Predicting Shallow Surficial Failures in the Mississippi River Levee System Using Airborne Hyperspectral Imagery

A. K. M. Azad Hossain and Greg Easson
The University of Mississippi Geoinformatics Center

Goals

To develop a hyperspectral imagery based model to predict slides in the Mississippi River levee system.

Project Overview

Shallow surficial failures or levee slides in the Mississippi River levee system are very common. The current method for detecting slides is visual inspection through driving along the levee, which is not efficient in either time or cost. Currently no tool is available to predict the location of slides before they occur.

Figure 1: Developing Slide in the Mississippi River levee system (Credit: MS Levee Board)

Figure 1: Developing Slide in the Mississippi River levee system (Credit: MS Levee Board)

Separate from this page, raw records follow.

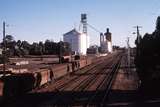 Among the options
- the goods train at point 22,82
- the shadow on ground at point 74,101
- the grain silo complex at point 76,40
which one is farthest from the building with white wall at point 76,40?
the shadow on ground at point 74,101

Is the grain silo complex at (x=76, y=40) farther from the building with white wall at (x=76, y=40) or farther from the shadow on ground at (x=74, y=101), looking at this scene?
the shadow on ground at (x=74, y=101)

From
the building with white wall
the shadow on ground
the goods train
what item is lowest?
the shadow on ground

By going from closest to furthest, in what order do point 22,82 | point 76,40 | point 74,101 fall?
point 74,101, point 22,82, point 76,40

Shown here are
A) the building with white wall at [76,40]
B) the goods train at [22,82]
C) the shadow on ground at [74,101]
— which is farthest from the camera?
the building with white wall at [76,40]

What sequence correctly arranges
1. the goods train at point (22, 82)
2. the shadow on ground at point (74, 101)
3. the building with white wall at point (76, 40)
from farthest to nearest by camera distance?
the building with white wall at point (76, 40), the goods train at point (22, 82), the shadow on ground at point (74, 101)

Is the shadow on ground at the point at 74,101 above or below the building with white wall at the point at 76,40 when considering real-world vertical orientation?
below

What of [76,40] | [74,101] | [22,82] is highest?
[76,40]

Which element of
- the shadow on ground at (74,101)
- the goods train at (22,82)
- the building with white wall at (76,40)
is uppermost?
the building with white wall at (76,40)

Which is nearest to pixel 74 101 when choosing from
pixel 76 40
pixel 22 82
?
pixel 22 82

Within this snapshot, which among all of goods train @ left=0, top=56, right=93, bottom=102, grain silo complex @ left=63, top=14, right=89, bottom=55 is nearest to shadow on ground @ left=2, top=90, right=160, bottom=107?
goods train @ left=0, top=56, right=93, bottom=102

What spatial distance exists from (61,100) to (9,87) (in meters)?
5.58

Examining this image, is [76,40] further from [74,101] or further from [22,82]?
[74,101]

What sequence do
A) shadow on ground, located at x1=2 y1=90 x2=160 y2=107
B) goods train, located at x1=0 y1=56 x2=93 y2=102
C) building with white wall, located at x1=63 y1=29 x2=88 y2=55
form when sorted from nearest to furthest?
shadow on ground, located at x1=2 y1=90 x2=160 y2=107 < goods train, located at x1=0 y1=56 x2=93 y2=102 < building with white wall, located at x1=63 y1=29 x2=88 y2=55

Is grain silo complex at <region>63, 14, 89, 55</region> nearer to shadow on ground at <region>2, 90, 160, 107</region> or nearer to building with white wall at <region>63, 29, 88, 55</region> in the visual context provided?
building with white wall at <region>63, 29, 88, 55</region> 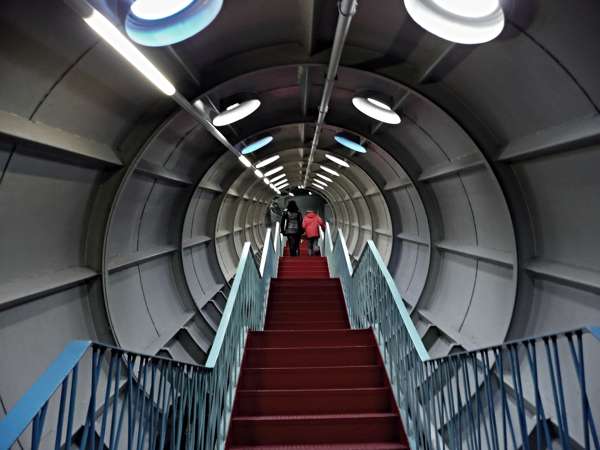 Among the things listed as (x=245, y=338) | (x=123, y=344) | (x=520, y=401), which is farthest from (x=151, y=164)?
(x=520, y=401)

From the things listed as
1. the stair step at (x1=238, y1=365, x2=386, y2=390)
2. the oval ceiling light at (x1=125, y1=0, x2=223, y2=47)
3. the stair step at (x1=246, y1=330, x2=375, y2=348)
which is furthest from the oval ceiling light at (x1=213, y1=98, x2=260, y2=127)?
the stair step at (x1=238, y1=365, x2=386, y2=390)

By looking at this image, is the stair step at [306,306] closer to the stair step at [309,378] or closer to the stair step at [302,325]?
the stair step at [302,325]

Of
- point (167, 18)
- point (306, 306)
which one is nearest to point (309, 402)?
point (306, 306)

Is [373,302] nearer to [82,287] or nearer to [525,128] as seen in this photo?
[525,128]

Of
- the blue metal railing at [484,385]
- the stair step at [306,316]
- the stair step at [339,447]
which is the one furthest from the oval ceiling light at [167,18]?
the stair step at [306,316]

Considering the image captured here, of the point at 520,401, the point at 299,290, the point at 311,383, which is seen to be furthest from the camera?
the point at 299,290

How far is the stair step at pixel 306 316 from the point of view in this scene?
21.7 feet

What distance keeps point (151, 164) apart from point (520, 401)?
15.4ft

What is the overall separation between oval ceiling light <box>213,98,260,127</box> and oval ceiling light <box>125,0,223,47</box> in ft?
6.56

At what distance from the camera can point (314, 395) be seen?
3.77 m

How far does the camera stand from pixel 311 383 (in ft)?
13.5

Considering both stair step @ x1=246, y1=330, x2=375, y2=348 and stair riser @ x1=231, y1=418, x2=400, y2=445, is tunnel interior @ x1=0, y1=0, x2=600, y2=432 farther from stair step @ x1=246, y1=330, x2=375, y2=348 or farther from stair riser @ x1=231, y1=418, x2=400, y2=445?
stair riser @ x1=231, y1=418, x2=400, y2=445

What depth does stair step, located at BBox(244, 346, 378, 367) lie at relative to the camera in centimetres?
455

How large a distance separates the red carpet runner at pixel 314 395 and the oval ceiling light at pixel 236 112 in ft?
9.10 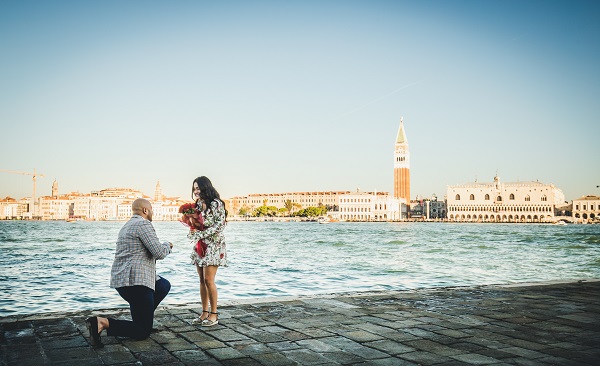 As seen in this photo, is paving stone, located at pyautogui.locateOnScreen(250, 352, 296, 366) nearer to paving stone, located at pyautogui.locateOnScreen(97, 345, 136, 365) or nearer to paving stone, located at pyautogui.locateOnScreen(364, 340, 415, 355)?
paving stone, located at pyautogui.locateOnScreen(364, 340, 415, 355)

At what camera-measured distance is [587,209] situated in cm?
14012

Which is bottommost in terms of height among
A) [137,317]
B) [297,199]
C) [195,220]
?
[137,317]

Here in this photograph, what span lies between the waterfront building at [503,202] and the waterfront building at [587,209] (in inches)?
201

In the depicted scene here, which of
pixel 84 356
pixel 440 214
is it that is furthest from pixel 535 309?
pixel 440 214

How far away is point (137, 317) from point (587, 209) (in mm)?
155057

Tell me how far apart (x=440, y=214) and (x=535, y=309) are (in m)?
167

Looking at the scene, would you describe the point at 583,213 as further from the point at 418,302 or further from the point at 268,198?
the point at 418,302

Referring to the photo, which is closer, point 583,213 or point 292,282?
point 292,282

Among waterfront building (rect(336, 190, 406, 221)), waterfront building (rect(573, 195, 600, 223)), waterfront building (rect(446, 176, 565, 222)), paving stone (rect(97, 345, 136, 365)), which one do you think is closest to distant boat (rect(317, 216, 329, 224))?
waterfront building (rect(336, 190, 406, 221))

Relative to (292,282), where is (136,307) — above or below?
above

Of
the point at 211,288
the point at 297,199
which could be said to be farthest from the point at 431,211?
the point at 211,288

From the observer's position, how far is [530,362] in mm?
3980

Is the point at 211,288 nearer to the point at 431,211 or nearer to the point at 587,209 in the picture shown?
the point at 587,209

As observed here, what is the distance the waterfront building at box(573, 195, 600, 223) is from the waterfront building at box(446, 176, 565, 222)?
16.7 ft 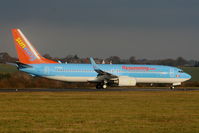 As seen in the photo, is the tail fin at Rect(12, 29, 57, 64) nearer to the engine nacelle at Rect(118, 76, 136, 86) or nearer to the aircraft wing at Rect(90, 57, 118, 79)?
the aircraft wing at Rect(90, 57, 118, 79)

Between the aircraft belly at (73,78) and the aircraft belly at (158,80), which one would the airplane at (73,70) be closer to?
the aircraft belly at (73,78)

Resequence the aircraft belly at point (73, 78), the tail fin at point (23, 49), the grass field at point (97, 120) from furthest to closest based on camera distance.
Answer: the aircraft belly at point (73, 78)
the tail fin at point (23, 49)
the grass field at point (97, 120)

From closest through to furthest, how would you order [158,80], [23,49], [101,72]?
[101,72] < [23,49] < [158,80]

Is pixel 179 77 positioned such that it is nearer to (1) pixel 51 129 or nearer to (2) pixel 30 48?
(2) pixel 30 48

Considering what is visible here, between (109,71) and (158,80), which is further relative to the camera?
(158,80)

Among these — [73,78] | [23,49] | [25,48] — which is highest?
[25,48]

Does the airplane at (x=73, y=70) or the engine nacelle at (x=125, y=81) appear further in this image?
the airplane at (x=73, y=70)

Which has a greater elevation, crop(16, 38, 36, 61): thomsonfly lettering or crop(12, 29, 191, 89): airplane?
crop(16, 38, 36, 61): thomsonfly lettering

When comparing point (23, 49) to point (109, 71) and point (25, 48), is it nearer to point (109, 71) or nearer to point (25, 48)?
point (25, 48)

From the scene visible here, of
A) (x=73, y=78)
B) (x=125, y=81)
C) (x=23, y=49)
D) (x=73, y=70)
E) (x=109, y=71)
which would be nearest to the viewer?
(x=125, y=81)

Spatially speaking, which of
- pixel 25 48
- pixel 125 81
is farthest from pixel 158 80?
pixel 25 48

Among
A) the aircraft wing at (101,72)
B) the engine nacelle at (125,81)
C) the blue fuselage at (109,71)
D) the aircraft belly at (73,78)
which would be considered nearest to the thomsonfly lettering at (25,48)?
the blue fuselage at (109,71)

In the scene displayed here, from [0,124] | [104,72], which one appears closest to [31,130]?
[0,124]

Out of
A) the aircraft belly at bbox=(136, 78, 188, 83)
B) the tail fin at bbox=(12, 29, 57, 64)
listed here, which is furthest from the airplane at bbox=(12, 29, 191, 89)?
the aircraft belly at bbox=(136, 78, 188, 83) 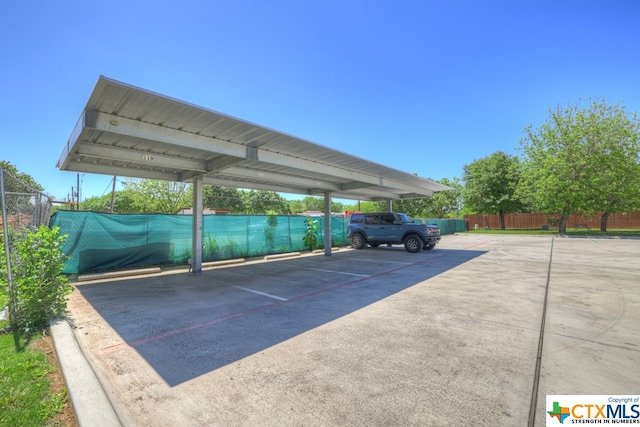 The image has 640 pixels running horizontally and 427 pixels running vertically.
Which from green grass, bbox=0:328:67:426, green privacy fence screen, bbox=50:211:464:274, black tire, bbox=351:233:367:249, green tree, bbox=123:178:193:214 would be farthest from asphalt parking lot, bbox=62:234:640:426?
green tree, bbox=123:178:193:214

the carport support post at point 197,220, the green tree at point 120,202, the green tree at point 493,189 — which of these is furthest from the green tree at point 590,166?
the green tree at point 120,202

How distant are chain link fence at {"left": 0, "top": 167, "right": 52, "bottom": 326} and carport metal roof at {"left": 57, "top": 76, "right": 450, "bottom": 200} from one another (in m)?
1.28

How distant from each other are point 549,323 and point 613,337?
73 centimetres

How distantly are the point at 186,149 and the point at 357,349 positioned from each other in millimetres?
6822

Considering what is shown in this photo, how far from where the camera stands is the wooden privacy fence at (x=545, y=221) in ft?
120

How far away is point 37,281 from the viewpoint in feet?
15.4

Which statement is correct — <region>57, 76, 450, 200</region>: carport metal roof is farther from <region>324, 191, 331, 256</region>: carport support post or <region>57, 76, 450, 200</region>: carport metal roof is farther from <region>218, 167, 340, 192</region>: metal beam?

After completion of a successful study to detect levee slides by University of Mississippi Geoinformatics Center (UMGC), we realized that it would be useful to have a remote sensing based technique to detect the potential weak zones along the levee, which are not detected by visual inspection. Based on results from previous research, this study was conducted to develop model to predict levee slides or detect potential surficial weak zones in the levee system using digital image processing techniques and commercially available high-resolution hyperspectral imagery. A 3-mile levee reach along the Mississippi River in Bolivar County, Mississippi was selected as the study site for this study. The Mississippi Levee Board maintains the selected levee reach, located between station 375 and station 500, near Mississippi State Highway 1.

Figure 2: Location of study site and levee slides shown on the analyzed CASI II imagery

Figure 2: Location of study site and levee slides shown on the analyzed CASI II imagery

Studies of the slide occurrence mechanisms suggest that probable slide affected areas are characterized by anomalous vegetation. Compact Airborne Spectrographic Imager II (CASI II) imagery acquired on September 25, 2001 was analyzed for selected levee sites in association with slide inventory data and field observations. Normalized Difference Vegetation Index (NDVI), Red-edge Vegetation Stress Index (RVSI) and Red Edge Position Index (REP) were calculated from the CASI II imagery. The vegetation indices were used to locate the stressed or anomalous vegetation and predict levee slides with the results evaluated by semi-variogram analysis.

Figure 3: Spectral profile of healthy vegetation for CASI II imagery in the study site

Figure 3: Spectral profile of healthy vegetation for CASI II imagery in the study site

The slide prediction model was developed by combining the single predictors, categorized vegetation indices, into a model based on all three predictors.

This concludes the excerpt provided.